Reputation: 41
I"m trying to understand why the Microsoft.Azure.Documents.Client makes multiple calls when running a query.
var option = new FeedOptions { EnableCrossPartitionQuery = true, MaxItemCount = 100};
var myobj = cosmosClient.CreateDocumentQuery<myCosmosObj>(documentUri, option)
.Where(x => x.ID == request.Id);
while (myobj.AsDocumentQuery().HasMoreResults)
{
var results = await myobj.AsDocumentQuery().ExecuteNextAsync<myCosmosObj>();
resultList.AddRange(results);
}
A Fiddler trace shows 5 calls to the cosmos collection dbs/mycollectionname/colls/docs (the while loop above runs 5 times)
My question is 1 network hop would improve performance, so I would like to understand why it is making 5 network calls, and If there is something I need to do with the configuration to adjust this. I have already tried adjusting the ResultSize. This is roughly a 3GB collection.
Upvotes: 1
Views: 445
Reputation: 7200
David's answer is theoretically correct however it is missing a crucial point.
Your code is wrong. The way your create the document query inside the loop means that you will always query the result of the first execution 5 times.
The code should actually be like this:
var query = cosmosClient.CreateDocumentQuery<myCosmosObj>(documentUri, option)
.Where(x => x.ID == request.Id).AsDocumentQuery();
while (query.HasMoreResults)
{
var results = await query.ExecuteNextAsync<myCosmosObj>();
resultList.AddRange(results);
}
This will now properly run your query and it will use the continuation properties of the query object in order to read the next page in ExecuteNextAsync
.
Upvotes: 2
Reputation: 71035
With a partitioned collection, the most efficient way to find a document by id is by also specifying the partition key (which then directs your query to a single partition). Without PK, there's really no way to know, up front, which partition your documents will reside in. And that's likely why you're seeing 5 calls (you likely have 5 partitions).

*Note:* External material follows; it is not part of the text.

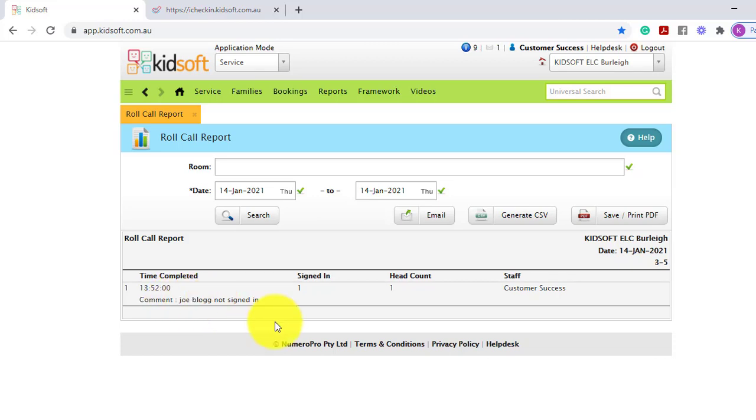As each roll call gets completed the number will be listed in a row.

The alternative, which your code shows, is to do a cross-partition query, which has to do one query per partition, to seek the document you're looking for.
One more thing to note: A query will have higher RU cost than a Read. And if you already know the partition key and id, there's no need to invoke the query engine (as you can only retrieve a single document anyway, for a given partition key + row key combination).
Upvotes: 1